Explanation. For self-training in computer vision, ColinWei2021TheoreticalAO has proved that by assuming expansion and separation, the fitted model will denoise the pseudolabels and achieve high accuracy on the true labels. Expansion assumption intuitively states that the data distribution has good continuity within each class. On the other hand, ColinWei2021TheoreticalAO states separation assumption as follows (please refer to original paper for more details):

Assumption 4.1.

(Separation). ColinWei2021TheoreticalAO assumes that $P$ is $\mathcal{B}$ -separated with probability $1-\mu$ by ground-truth classifier $G^{*}$ : $R_{\mathcal{B}}(G^{*})\leq\mu$ . $P$ denotes a distribution of unlabeled examples over input space $\mathcal{X}$ , $\mathcal{T}$ denotes a set of transformations obtained via data augmentation, and $\mathcal{B}(x)\triangleq\left\{x^{\prime}:\exists T\in\mathcal{T}\text{such that}\left\|x^{\prime}-T(x)\right\|\leq r\right\}$ is defined as a set of points with distance $r$ from some data augmentation of $x$ .

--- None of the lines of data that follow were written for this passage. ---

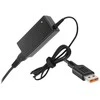 Kiti Barosanas avots 20V 3.25A YOGA3 LENOVO LE20V3.25AYOGA3 ()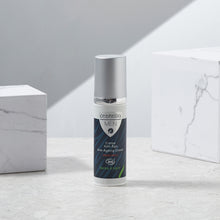 Load image into Gallery viewer, Centella Men | Anti-Aging Cream 40ml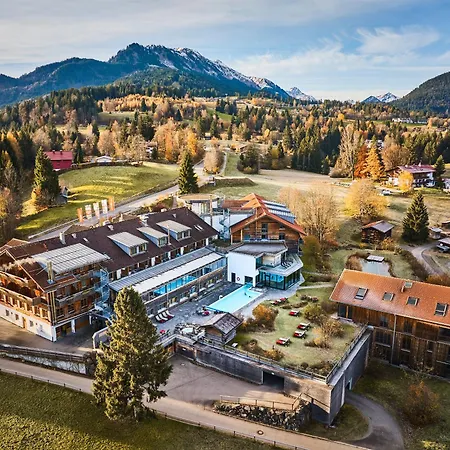 Hotel Oberstdorf-3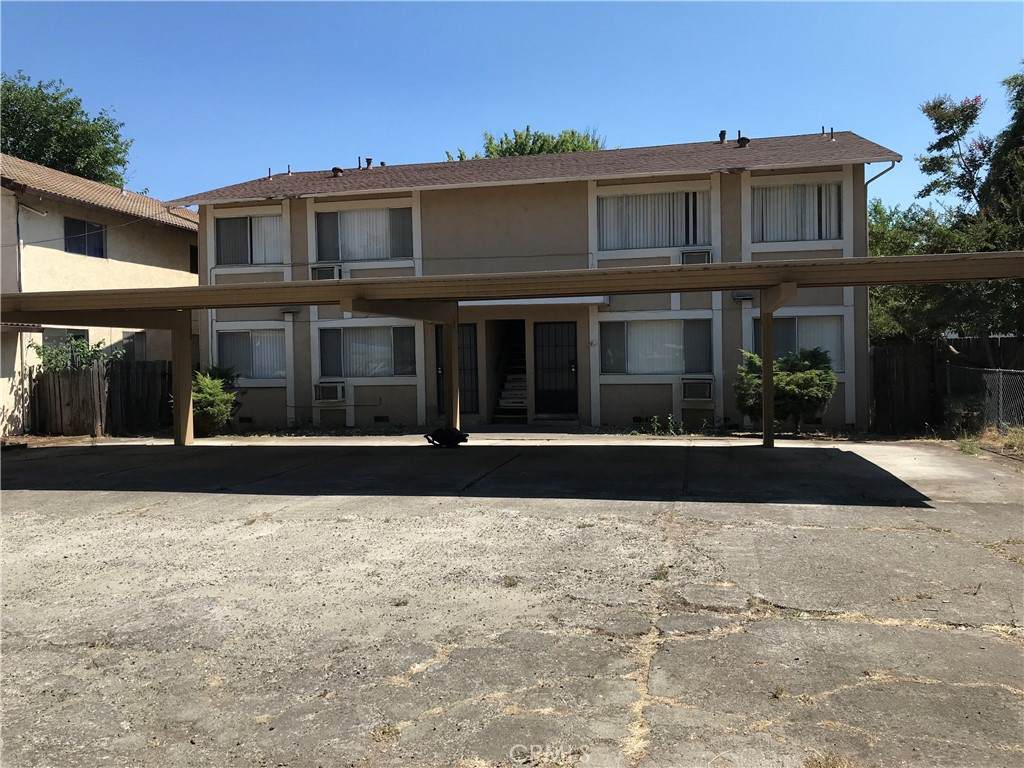55 Royale Unit D Avenue - Photo 1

As above, Separation assumption states that there exist a few neighboring pairs from different classes, with a small or negligible probability $\mu$ (e.g., inverse polynomial in dimension). However, in PbRL, the presence of similarity trap precludes the separation assumption. As the segment pair and its augmentation ( $x_{1}$ and $\widetilde{x}_{1}$ as in the above example) are neighboring to each other but most likely from different classes. Since the dimension of segment is extremely small compared to the image, any small perturbations have significant probability change its tendency to be preferred. This means separation assumption does not holds anymore in PbRL and this will weaken the effectiveness of using consistency regularization.

Discussion. At the same time, we emphasize that the similarity between $\sigma^{1}$ and $\widetilde{\sigma}^{1}$ is also highly confusing, which makes the learning of $(\sigma^{1},\widetilde{\sigma}^{1})$ difficult. Compared to the significantly different segment pairs, it is difficult to solicit information from such similar segment pairs and learn a reward function that can accurately locate step with fatal error. Semi-supervised framework makes such difference more significant. When the teacher model is not converged in training, it would tend to be more conservative and label $(\sigma^{1},\widetilde{\sigma}^{1})$ as $y^{k}=(0.5,0.5)$ , while neglecting the fatal error. When using such pseudo-label to train the student model iteratively, this can lead to further difficulties for the student to learn the desired discrimination. As concluded in zhu2021rich , semi-supervised learning follows the Matthew effect: “the rich get richer”. Consequently, similarity trap in PbRL would cause similar segment pairs be easy to become the poor, and “get poorer” when conducting semi-supervised learning.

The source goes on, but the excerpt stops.